第一原発から約4キロの同町熊川。慰霊祭には6遺族19人が参加。代表の木村紀夫さん(46)は「あなたたちを救えなかったことを一生後悔すると思います。二度と後悔しないよう、あなたたちが残してくれた家族を守りながら生きていきます」と述べた。
木村さんは妻の深雪(みゆき)さん(37)と父の王太朗(わたろう)さん(77)を亡くし、次女の汐凪(ゆうな)さん(7)が行方不明。原発から数キロの自宅周辺を捜せず、震災直後から避難所を回って「捜しています!! 家族3人が行方不明です」と書いた手作りのポスターを貼り続けた。

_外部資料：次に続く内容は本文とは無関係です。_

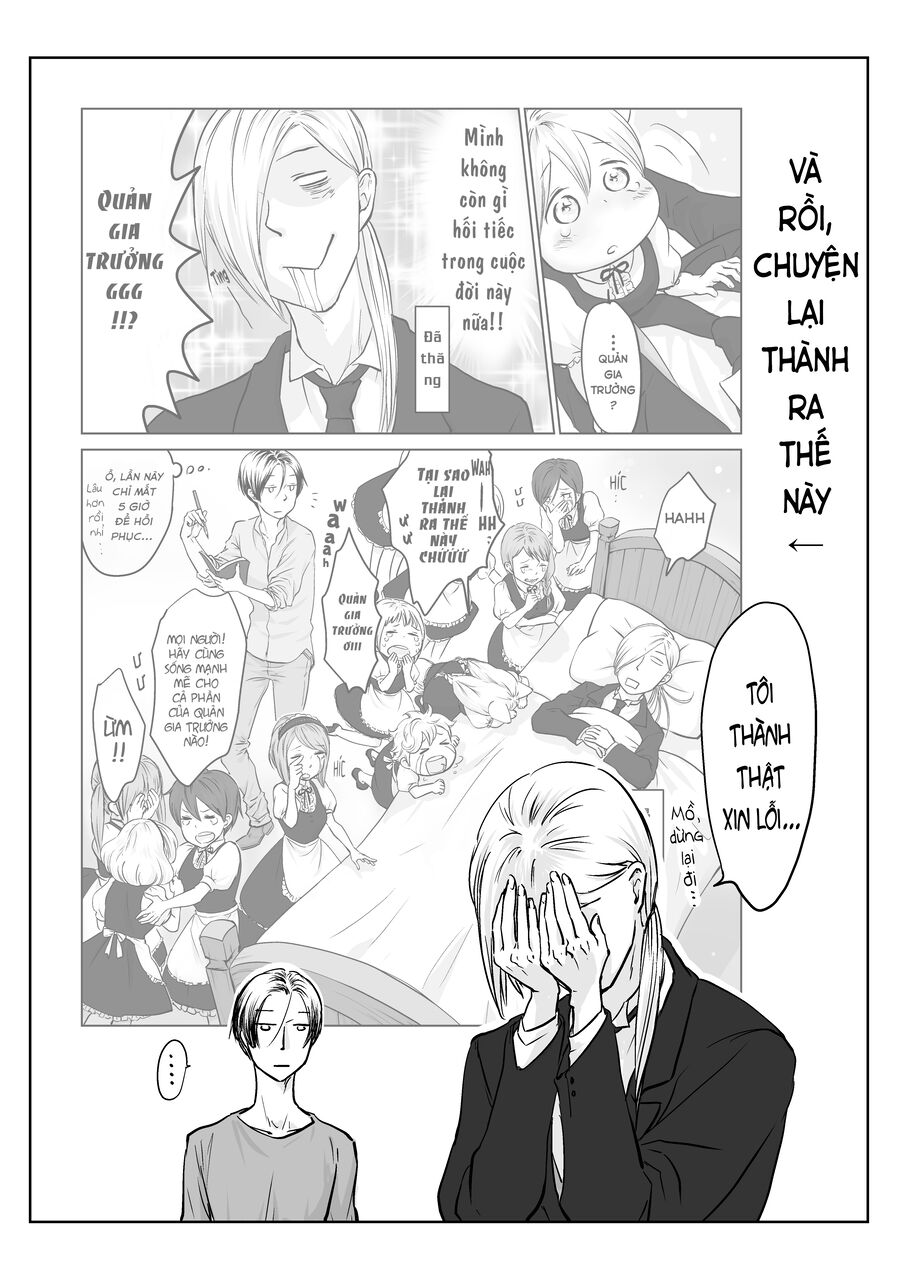 Hidamari No Sumika Chapter 4 - Trang 2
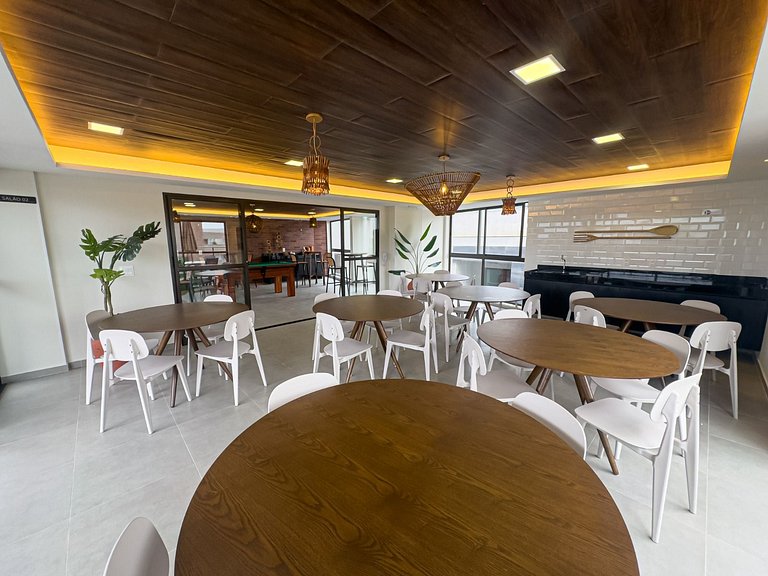 Moderno confortável no coração de Porto centro #03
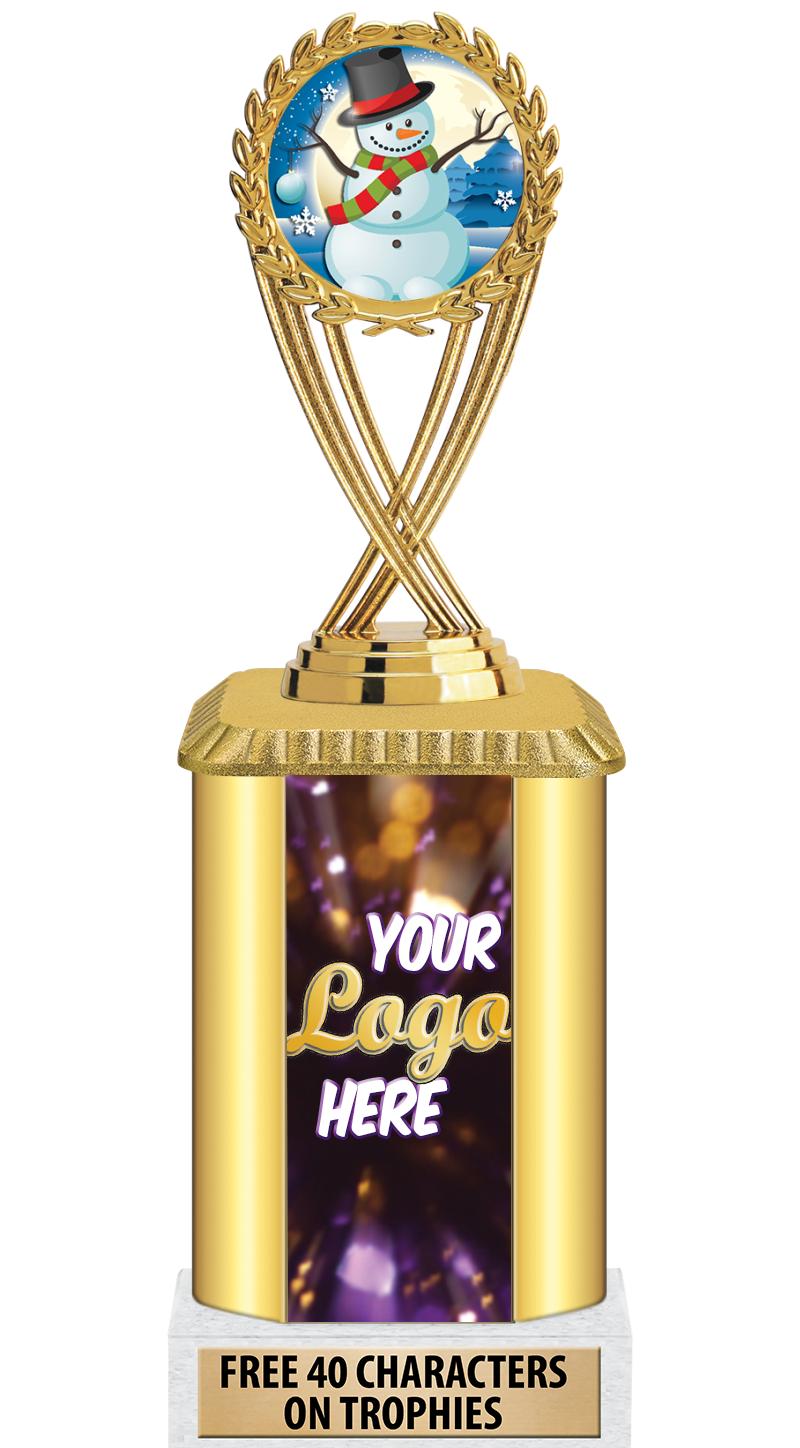 10" CUSTOM DLX ULTIMATE W/CAP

慰霊祭後、木村さんは「これで3人が離れていってしまうと思うと寂しい。原発事故のせいで自分の目で3人を捜せなかったことが悔しい」と話した。
大熊町は町全体が原発の警戒区域に指定され、立ち入りが禁じられている。今月18日の文部科学省の調査では、同町熊川の放射線量は毎時32.8マイクロシーベルト。(笹井継夫)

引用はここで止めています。